How do you know "what you want" when ranking nodes?
Say you're on a fork, in this process your node will rank all nodes also on your fork high on it's list because those forked nodes agree with your chain, where all nodes on the real chain are ranked low because they disagree with your chain.
Now, I'm not too keen on the technicals so please correct me if I'm wrong, but this sounds rather similar to the banscore system we currently have. If a node sends you invalid blocks (like blocks on a fork), their banscore goes up. If a nodes banscore reaches 100, then your node will refuse to talk with the banned node.
The major contrast I see with your proposal and the current system is that in your proposal nodes at the bottom of the list still hold influence over connected nodes (albeit a small influence).
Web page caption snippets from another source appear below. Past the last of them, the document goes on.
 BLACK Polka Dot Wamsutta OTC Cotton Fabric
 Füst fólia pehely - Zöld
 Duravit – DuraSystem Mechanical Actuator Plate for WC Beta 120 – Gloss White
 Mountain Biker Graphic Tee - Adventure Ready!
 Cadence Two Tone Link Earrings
This sounds like it would help with forking (It might not, I really don't know), but it may leave the network open to a DDoS attack as those nodes still maintain a connection to each other even though they're at the bottom of each others lists.
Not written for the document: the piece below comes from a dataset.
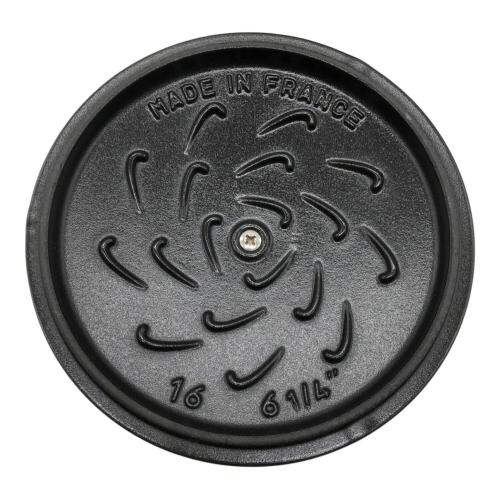 Staub (ストウブ) 両手鍋 40509-703 16㎝ グレー ラ・ココット de GOHAN M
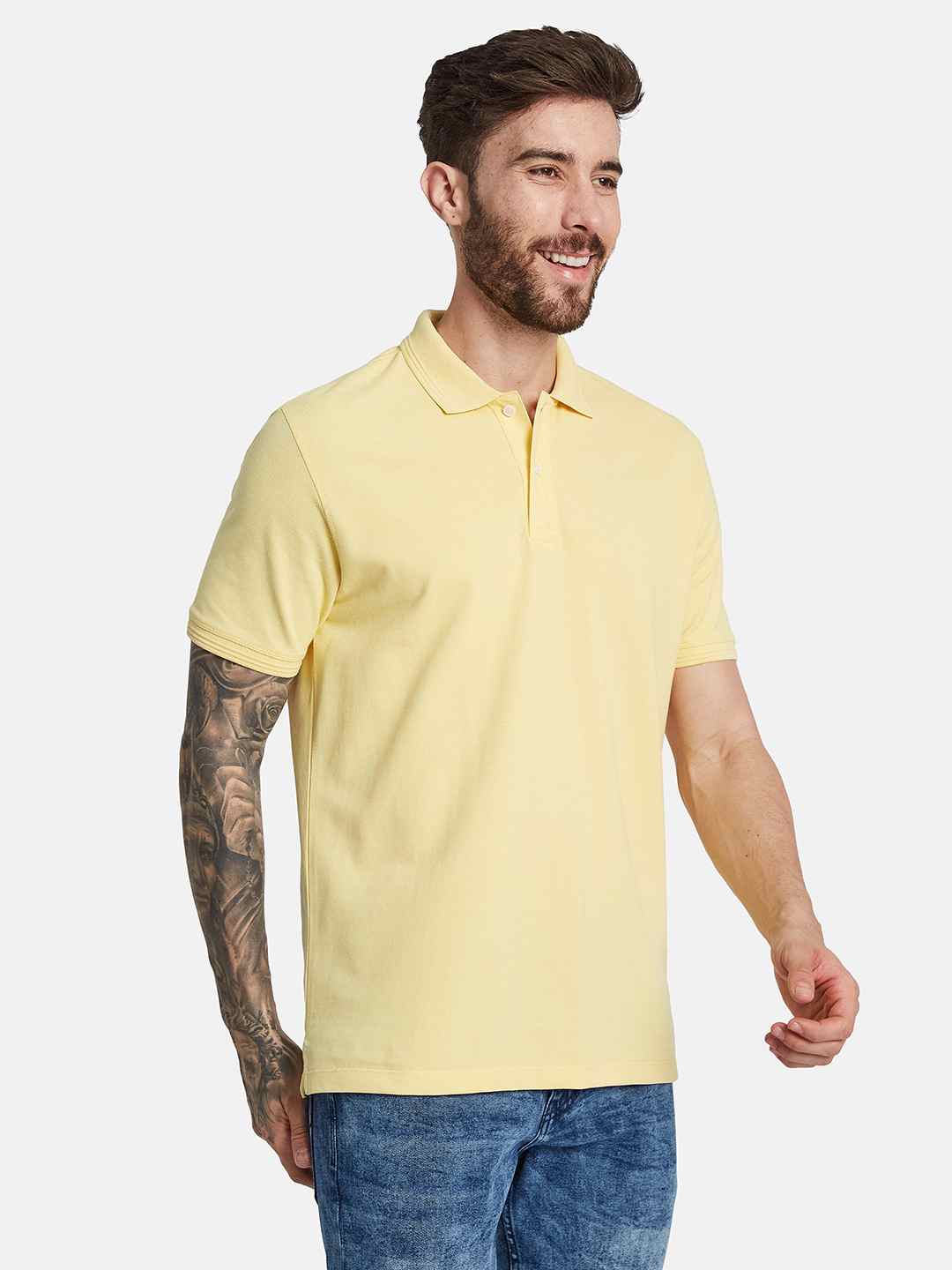 Octave Polo Collar Cotton T-Shirt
I'd like to see some dev feedback here because I'm really not educated enough to know if this would work in practice.
Actually not, that's why latency takes important role. The node that's first on my list is going to have many disagreements with other nodes causing latency increases. Therefore, it's internal list of priorities is going to change. As a results, it's expected that node will have much higher latency due to overheat caused by rejected blocks with other nodes (that does not count as successful operations), and it will directly cause increase latency towards my node, putting it onto the bottom of the list.
The banscore system was one of inspiration for this, to be clear this is not from scratch. I went through the code in order to understand how we can improve, not replace. As for the Ddos, yes that method could be used to destabilize good nodes, but that's exactly why we are putting a small influence even towards those in forks, on placed on really bad ISP connection. Meaning, they are not necessarily on fork. In this scenario, these are actually helping network to heal until ddos stops. (at least in theory).
The another inspiration about this come from thinking on how to improve steem witnesses model.
And the third one is from real life experience of BGP routing implementation where I was able to confirm that this could be a working model. (Not necessarily for GRC and Steem, but for BGP shows great results so far).